Some stock market experts think the days of human traders are numbered, but an analysis of a recent trade in shares of Comtech Telecommunications Corp., Melville, N.Y., shows that might not be so.
The average daily volume for Comtech is about 460,000 shares, but on Aug. 16, a block of 100,000 shares crossed. Immediately after that trade, the stock dropped to $32 from $32.80 as a series of 100- and 200-share blocks traded.
Thorsten Schmidt, first vice president of the algorithmic unit at brokerage firm Instinet Group Inc., New York, said his firm crossed the 100,000-share block between two institutional clients he declined to name.
"As soon as the trade was printed and showed up in the market, there was a flurry of subsequent trades, all of which took place at very small sizes," Mr. Schmidt explained. "They were coming out at a very high frequency and were driving down the stock, which was trending down very, very quickly."
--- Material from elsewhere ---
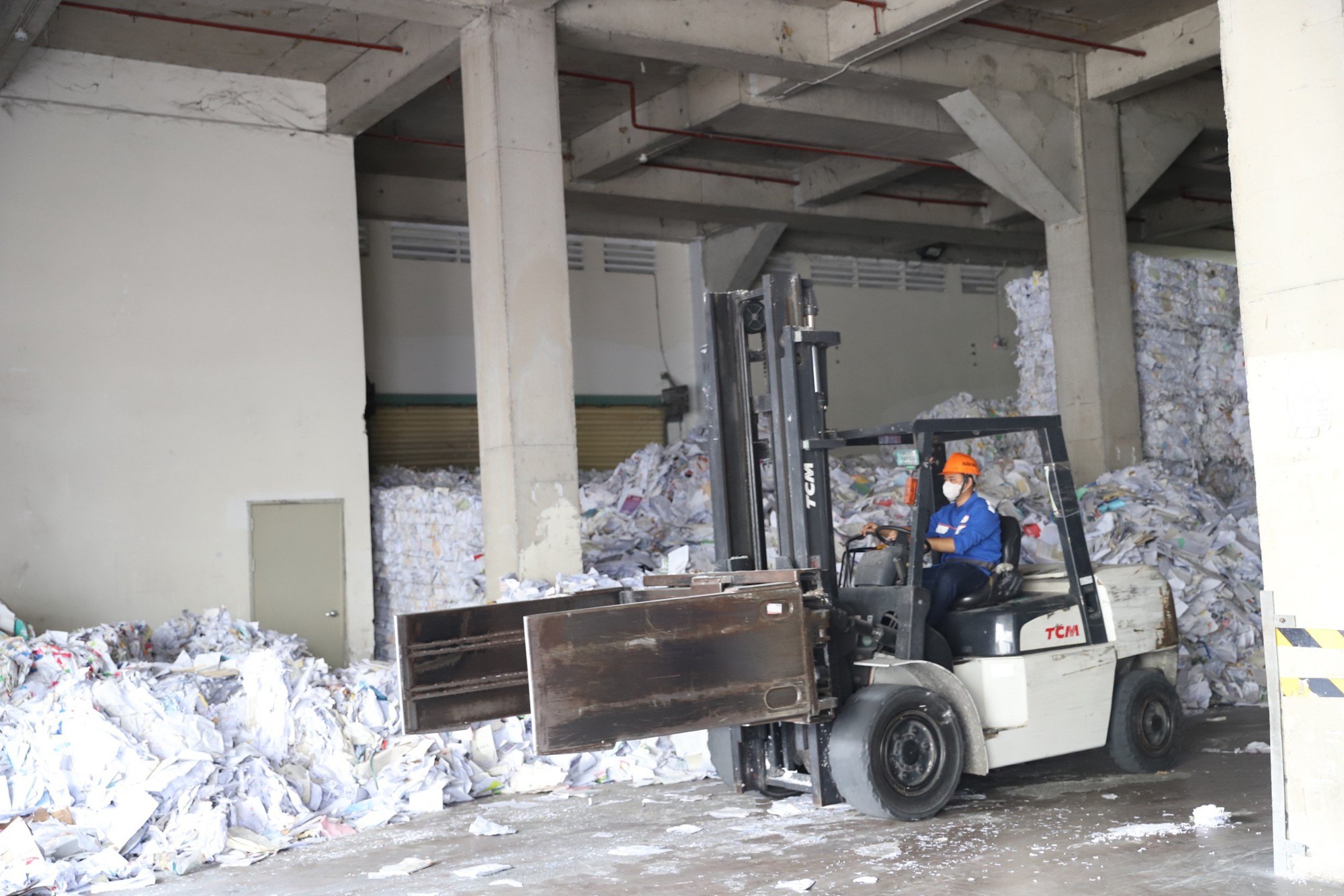 Bên trong nhà máy sản xuất xanh ở khu công nghiệp Hiệp Phước- Ảnh 1.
Because of the size of the trades and the speed of them, he and his colleagues deduced that they were likely coming from so-called volume participation algorithms, computer programs that trade a stock based on volume in the market.
"A human trader would probably not, in most circumstances, have been as aggressive" selling the stock after a big block crossed, Mr. Schmidt said, adding, "that's not to say all traders are great and all algorithms are bad."
He pointed out many algorithms, including those offered by Instinet, have "safety measures" that exclude blocks from the volume participation methodology.
Tom Whelan, first vice president of portfolio trading and algorithmic trading at Instinet, said it was difficult to quantify exactly how many times situations similar to what happened in Comtech occur. Still, "It's out there and we've seen it. This is really just one small risk component in one algorithm, so I would have to believe there are holes out there" in other trading algorithms.